İlk gece ilk durağımız Sıraselviler’deki ünlü Kulüp 12 idi.
Bize özel ilgi gösterdiler. Çünkü İstanbul henüz televizyonla tanışmamıştı. Ankara Televizyonu’nu duyuyorlar ama izleyemiyorlardı. Daha oturur oturmaz hızlı bir servis başladı. Tunca Yönder kâh kameraman ile etrafı resimliyor kâh masaya gelip viskisini yudumluyordu. Ehlikeyif arkadaşımız viski severdi. O yıllarda viski hayli pahalıydı ama arkadaşımız umursamazdı. Biz de ona eşlik ediyorduk. Sahnede Huysuz Virjin izleniyordu. Keyfimiz yerindeydi. Gecenin sonunda hesap istedik. Borcunuz yok, dediler. Nasıl olur? Bu seferlik ikramımız olsun, falan... Israrlar fayda vermedi beş kuruş ödemeden çıktık.

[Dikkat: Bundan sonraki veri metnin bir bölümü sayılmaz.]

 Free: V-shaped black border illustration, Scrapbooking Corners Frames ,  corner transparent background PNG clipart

İkinci durak Kulüp Lalezar. O günlerin en gözde gece kulübü. Patron Egemen Bostancı tarafından orada da müthiş güzel ağırlandık. Viskiler geldi gitti. Sahnede Ajda Pekkan vardı. Yaptığı şov bol bol filme çekildi. Ajda programını bitirdikten birkaç dakika sonra haber geldi. Ünlü sanatçı bizi odasında bekliyordu. Kameraman, Tunca Yönder, Altan Öymen ve ben, hep birlikte ve heyecan içinde Ajda’nın odasına yollandık.

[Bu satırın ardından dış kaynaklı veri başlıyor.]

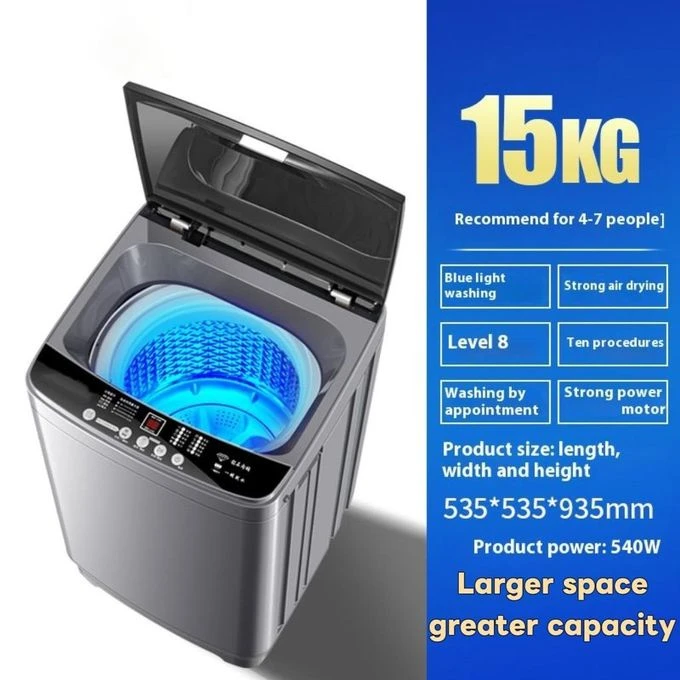Leyi Machine à laver entièrement automatique 15KG avec essoreuse, lave-linge portable grande capacité avec affichage LED & 10 programmes de lavage, machine à laver économique pour maison, appartement, dortoir, camping-car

Altan Abi’nin önceden tanışıklığı vardı Ajda ile, önden o girdi. Ben arkasından. Daha da arkada diğer ekip. Biz kapıdan girerken Ajda sahne kıyafetini çıkarıyordu. Tam elini arkaya atıp üstünü çıkarırken Altan Ağabeyimiz öne atılıp Ajda’nın önünde vücuduyla bir perde oluşturmasın mı? Kafasını da yana çevirdi ki önünü görmesin. Böylece Ajda’nın göğsünü bizden saklamış oldu. Böylece biz hiçbir şey görememiş olduk. Altan Ağabey’in Ajda’nın mahremiyetine gösterdiği bu duyarlık sonraki yıllarda aramızda espri konusu oldu:
- Abi ne lüzum vardı yahu, kadının saklamadığı şeyleri sen neden saklamaya çalıştın, falan diye şakadan serzenişte bulunurum, deli dolu gençlik yıllarımıza birlikte güleriz.
O gece Lalezar’da hesap istedik. “Ne hesabı?” dediler. Eski bir gazeteci olan Egemen Bostancı, Altan Abi’nin eski dostuydu. Bizi de sevmişti. Garson bahşişi bile almadılar.
Oradan da beş kuruş ödemeden çıktık. Üçüncü gece gittiğimiz kulüpte de galiba RİTA Bar idi, benzer sahneler yaşandı. Çekimler yapıldı. Viskiler geldi gitti. Gecenin sonunda hesap ödemeye gelince, “Siz misafirimizsiniz, ne hesabı?” gibi bir muhabbetle uğurlandık.
Kameranın üzerindeki TRT Televizyonu yazısı bütün kapıları açıyor, tüm hesaplar sıfırlanıyordu. İtibarımız zirvedeydi.
Eğlence mekânları dışında da çekimler oluyordu. Bar kapılarında dilenen çocuklar, çiçekçi kadınlar, kuytularda açık şaraba talim edenler, esrar çekenler, kaldırımlarda sızmış ayyaşlar, Çiçek Pasajı müdavimleri dâhil tüm eğlenenler ve eğlenemeyenler kareye dâhil oluyordu. Program eğlence yerlerinden ibaret bir yapım olmayacaktı. O hayatın perde gerisi de anlatılacaktı.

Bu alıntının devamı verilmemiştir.